Abstract 3539: Long-term Predictors of the Aneurysmal Change of Descending Aorta in Patients with Aortic Dissection
Background: Long-term natural history of the distal aortic dissection (AD) and predictors of the late aneurysmal change have yet to be demonstrated.
Methods: Contrast-enhanced computed tomography (CT) was performed during the acute phase in 100 patients including 49 patients with type 3 AD and 51 with type 1 AD. All patients with type 1 AD received ascending aorta graft replacement. Clinical observation was conducted for 53±26 months, and CT was repeated after 31±27 months in 97 patients. Aorta diameters and false lumen diameters were measured in upper (UT), mid (MT) and lower descending thoracic (LT), and abdominal aorta (AA).
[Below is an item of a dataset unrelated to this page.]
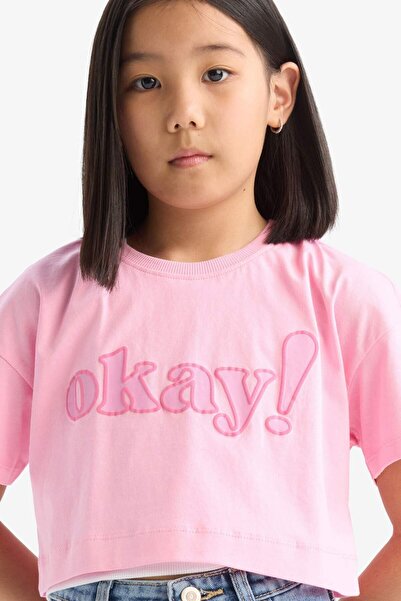 DeFacto Κοριτσίστικο κοντομάνικο μπλουζάκι με λαιμόκοψη E0063A825SM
Results: Average rates of diameter dilatation in UT, MT, LT and AA were 0.19, 0.19, 0.17, and 0.09 mm/month, respectively. These rates were not different between type 1 and 3 AD. Aneurysmal change (diameter ≥ 60 mm) occurred in 14.4, 8.2, 4.1, and 3.1% of patients at UT, MT, LT and AA, respectively. Among 53 patients in whom CT was repeated after ≥ 2 years, aneurysmal change was developed in 15 patients (28%). The false lumen diameter at UT (p<0.005), aorta diameter at MT (p<0.05) in the acute phase CT and Marfan syndrome (p<0.05) were independent predictors of the late aneurysmal change by multiple logistic regression analysis. False lumen diameter at UT ≥ 22 mm in the initial CT predicted late aneurysmal change with sensitivity 100% and specificity 76%. The patients with initial false lumen diameter at UT ≥ 22 mm (n=42) showed higher event rate (aneurysmal change or death) than others (n=58) (Figure⇓).
Conclusion: UT is the major site of late aneurysmal change. A large false lumen diameter at UT in the initial CT portends late adverse outcome warranting early intervention.